Та заглянула под прилавок.

— Нет ничего.

— И нам позвольте.

— Не имею права. Вы в одежде. Я вынесу накладные.

И вынесла. Протянула кому-то.

— Видите: сосиски, семьдесят килограммов. Было здесь семьдесят, вот вы, женщина?

— Примерно так.

— Отдыхайте, товарищи. Приходите завтра.

— Да что это с людьми делают.

— Сами от пуза, в три горла, на нас — наплевать.

— Разговорчики такие.

— Скоро требуху выбросят, а мы будем жрать и хрюкать.

— Тоже поосторожней на поворотах.

И всё! Стихли люди, лишь глухое ворчание — обнаглели! наплевать! народ!

Ах ты, какое канальство. Час вычихали — и хоть бы что. Не в часе дело. Не то обидно. Человека не уважают — вот что обидно. Смех на такие слова, одни смешки-смефуечки. То ли ждет нас, бабуся, какая зима ожидает нас, милая, какая зима, еще только декабрь, дорогая.

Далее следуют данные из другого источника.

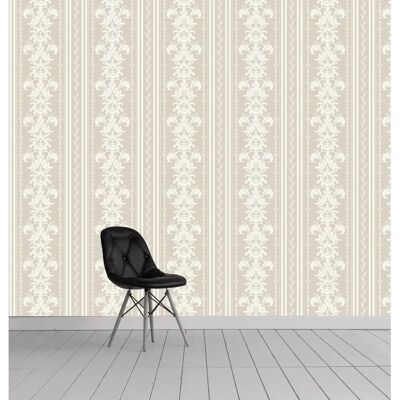 QUEENCE Beigefarben Vinyltapete Hanna - Kunst Design - 0,9m x 2,5m QUEENCE Beigefarben Vinyltapete Hanna - Kunst Design - 0,9m x 2,5m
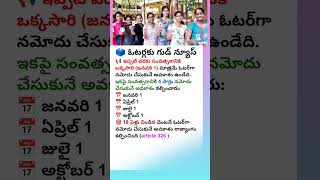 ఓటర్లకు శుభవార్త #new #newvoter #voters #voter #vote #votercardapply #votercardupdate #info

Да, декабрь стоит, месяц тяжелей, и погода наимерзейшая: вроде снежок днем падал, и мог, казалось бы, прояснить воздух и дать человеку возможность увидеть мелкие звездочки, — но нет, тяжело лежит низкое небо, липкий туман опустился на землю, дома влажно, холодно блестят, дует с залива ветер и донага раздевает человека, в какие одежды он ни рядись, тротуары чем-то посыпали, и жижа хлюпает под ногами, и прямо ходить нет никакой возможности из-за сопротивления ветра и плотного тумана, и приходится бочком продираться сквозь туман, сдерживая, разумеется, поахивания при всяком неосторожном шаге.